Generally the results of polyphenols were in agreement with those reported by Marsilio et al. (2006), who reported that, processing of olive resulted in a 35-40 % loss of total phenols (during 7 months), where the results indicated that they were lost more during the first 3 months of fermentation. (Abd El-Samie Ibraheem, 2015)
The differences detected in the total phenolic substance values according to the processing methods showed that the processing methods were effective on the total phenolic compound value. The change in the total phenolic matter values determined depending on the olive processing methods was found statistically significant at the p<0.01 level with the analysis of variance applied on the total phenolic matter values obtained from the olive samples (Table 7).

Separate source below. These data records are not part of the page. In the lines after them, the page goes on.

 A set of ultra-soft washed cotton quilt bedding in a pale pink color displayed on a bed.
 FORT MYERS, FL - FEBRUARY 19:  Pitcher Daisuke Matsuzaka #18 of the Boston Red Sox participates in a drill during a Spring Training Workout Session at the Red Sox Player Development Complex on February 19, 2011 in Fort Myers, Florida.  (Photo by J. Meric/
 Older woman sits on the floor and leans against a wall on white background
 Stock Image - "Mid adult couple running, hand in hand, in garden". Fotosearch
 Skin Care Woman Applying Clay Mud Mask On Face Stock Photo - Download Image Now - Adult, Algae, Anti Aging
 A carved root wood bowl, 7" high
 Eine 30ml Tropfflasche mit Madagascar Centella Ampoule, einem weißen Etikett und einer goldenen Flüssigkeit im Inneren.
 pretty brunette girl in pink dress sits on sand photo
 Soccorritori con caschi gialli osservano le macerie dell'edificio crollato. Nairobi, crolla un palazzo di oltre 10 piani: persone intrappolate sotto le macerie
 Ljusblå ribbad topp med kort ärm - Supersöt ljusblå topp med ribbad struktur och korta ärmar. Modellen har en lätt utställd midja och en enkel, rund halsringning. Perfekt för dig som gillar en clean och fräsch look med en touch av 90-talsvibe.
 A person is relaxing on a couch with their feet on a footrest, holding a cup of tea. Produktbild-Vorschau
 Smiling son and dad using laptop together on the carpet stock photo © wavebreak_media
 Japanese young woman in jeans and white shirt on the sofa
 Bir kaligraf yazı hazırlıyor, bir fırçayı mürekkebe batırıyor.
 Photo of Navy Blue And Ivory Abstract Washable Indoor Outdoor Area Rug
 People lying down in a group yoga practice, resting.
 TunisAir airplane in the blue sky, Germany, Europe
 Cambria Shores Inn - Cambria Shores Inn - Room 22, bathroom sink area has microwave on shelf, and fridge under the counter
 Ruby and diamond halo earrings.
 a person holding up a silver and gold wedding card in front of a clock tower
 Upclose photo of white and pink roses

Along with the differences detected in the total phenolic compound values of the processing methods, the irradiation and storage process were found statistically significant at the p<0.01 level.
According to the Durante et al. (2018) and Blekas et al. (2002) total phenol of black olives vary from 10 mg/100 g of flesh to 83.3 mg/100 g of fresh weight. These results are lower than the results obtained from our study. This may be due to the different olive cultivars and processing methods they used. Kiai and Hafidi (2014) stated a significant loss in the total amount of phenolic substances in olives during fermentation due to the diffusion of water-soluble phenolic compounds into the brine, and similar results have been reported by other researchers (Alvarez et al., 2014; Othman et al., 2009; Romero et al., 2009).